* [WHAT YOU SHOULD DO] Please write out the listing exactly, leaving each picture out.
*** DATA BELOW Section Begins ***
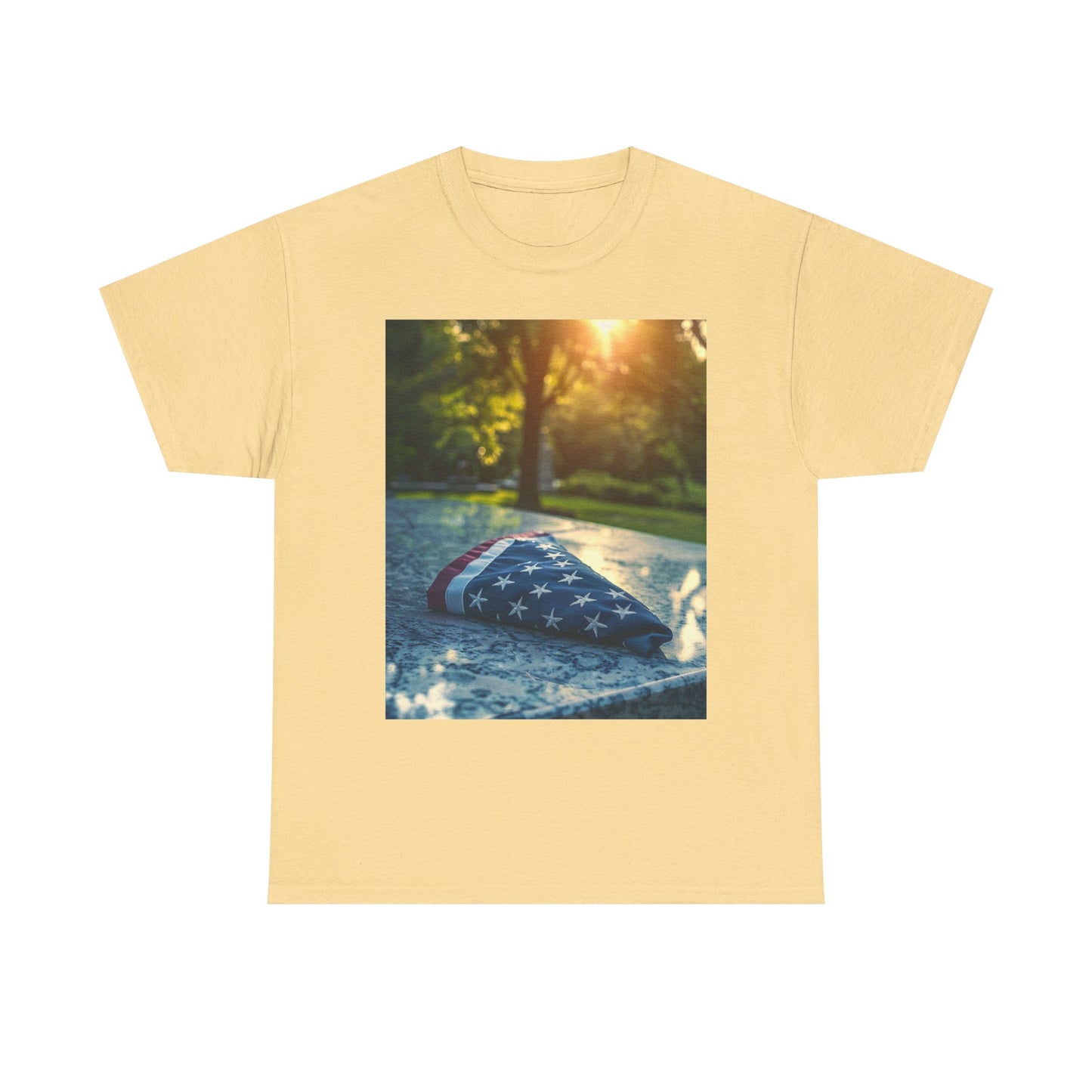 Memorial American Flag Tee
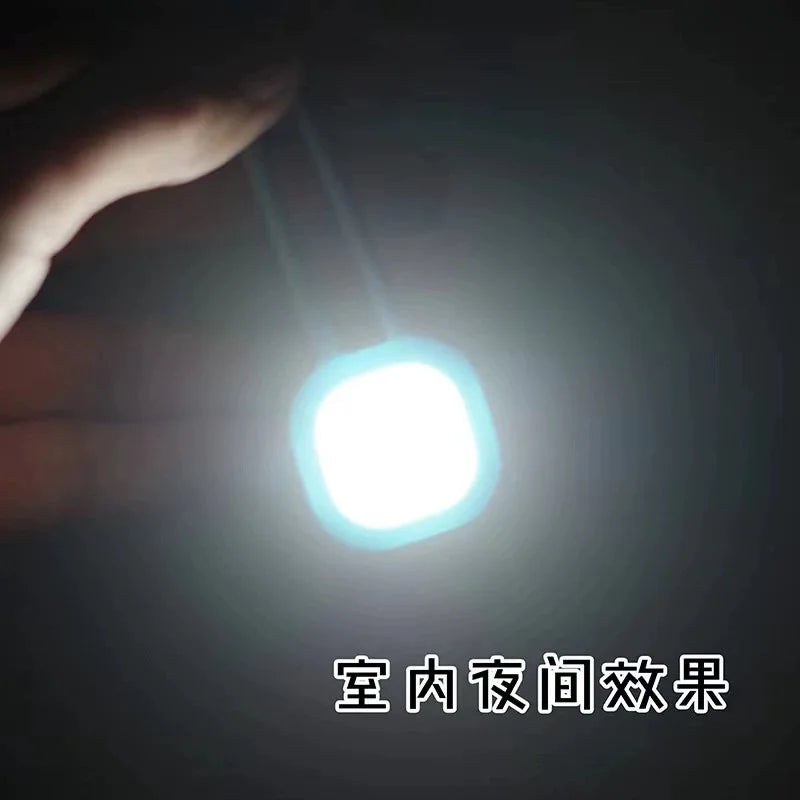 1pc Pet Luminous Pendant, Dog LED Walking Dog Night Silicone Hanging Tag, Cat Anti-lost Dog Tag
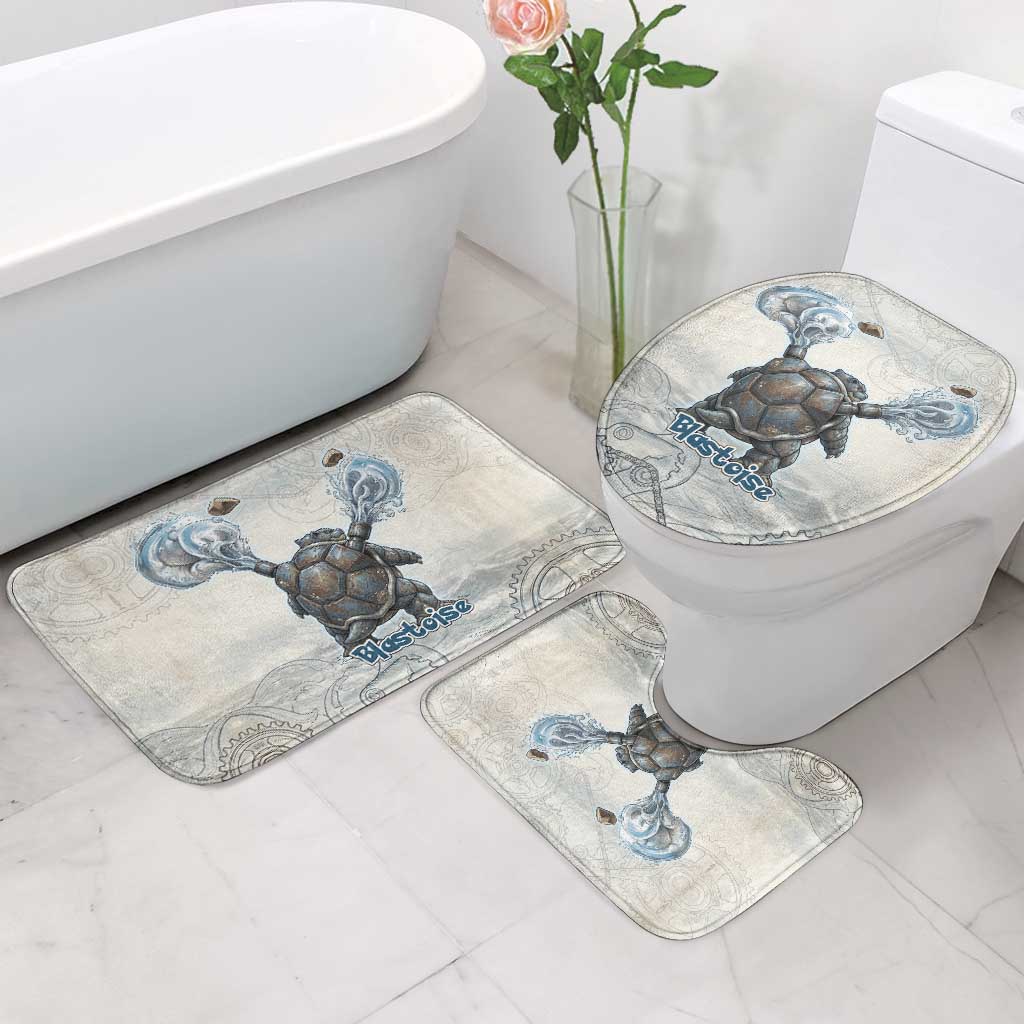 Blastoise Bathroom Set Steampunk Mechanical Gear Art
*** DATA BELOW Section Ends ***
* [SOLUTION TO THIS EXERCISE]
 Memorial American Flag Tee
 1pc Pet Luminous Pendant, Dog LED Walking Dog Night Silicone Hanging Tag, Cat Anti-lost Dog Tag
 Blastoise Bathroom Set Steampunk Mechanical Gear Art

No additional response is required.